The tip-off regarding what kind of an election was at hand occurred after the first of three debates involving the leaders of the three parties in the British election.
It should not have been a surprise in view of current uncertainties that Liberal Democrats leader Nick Clegg was the perceived winner of the encounter. The result was an upward poll tick for the party that was perceived by many to be the real architect for change.
An analysis of poll results indicated that Clegg secured significant support from previously apathetic voters who felt that they had been left out of the system. This is understandable, as exemplified by a saying from the American south: "I don't have a dog in this hunt."
Clegg made a special appeal to those disgusted with years of being governed by either Labour or the Conservatives. He asserted that his party was the true agent of change and that the Liberal Democrats could take Britain into a new direction after years of government led by Labour or the Tories.
Prime Minister Gordon Brown in the initial debate sought to present himself as someone who, admittedly, was anything but charismatic, but was a solid steward of government who could keep matters flowing in the most stable direction.
After the second debate national polls showed that David Cameron's Tories had moved into the lead. The voting preference stemmed from the fact that Brown is an incumbent during a period of economic uncertainty. During rocky times voters tend to move against the incumbent party, as manifested by Democrat Barack Obama's victory over Republican John McCain in the 2008 U.S. presidential election.

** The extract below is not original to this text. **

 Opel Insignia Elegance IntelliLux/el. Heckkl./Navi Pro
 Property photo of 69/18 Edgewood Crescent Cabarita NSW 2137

Recognizing the turbulence of the voting tide, Brown went to work on two fronts. He attacked Cameron's party as being out of touch and arrogant. In this connection he was assisted by Clegg who, observing Cameron's newly acquired lead, also sought to remind voters of a period when the then unpopular Tories were brought down in a landslide that swept Tony Blair and Labour to power in 1997.
While Cameron has sought to create a new image for the Conservatives, Labour and the Liberal Democrats seek to remind voters of the years of Margaret Thatcher and John Major, when change was strongly mandated.
Two recent polling developments deserve mention. According to the Financial Times a composite of recent major polls released Tuesday show the Conservatives with 35 percent, the Liberal Democrats with 28, and Labour at 27.
A recent Sun tracking poll also released Tuesday shows a different result. It shows the Tories on top at 34 percent, but Labour enjoying a boost to 30 with Liberal Democrat support declining to a 24 percent figure.
With this figuring to be the closest British election in years, discussion abounds over the issue of tactical voting and the possibility of a hung Parliament with no party achieving a majority.
There is a disparity of opinion among Labour ministers, some of whom are urging Liberal Democrat votes to prevent a Cameron Conservative victory. Meanwhile others are urging voters to stay with Labour. Former Prime Minister Tony Blair in recent Labour rallies has urged voters to spurn tactical voting and support the party with which they feel more comfortable.
So on a busy Tuesday David Cameron visited the British isles and urged voters to opt for change. Prime Minister Gordon Brown at a Manchester rally exhorted voters to "come home" to Labour.
Another result must also be considered. If any party takes office with a razor thin governing margin it could dissipate, perhaps in short order, at which time it will be back to electioneering.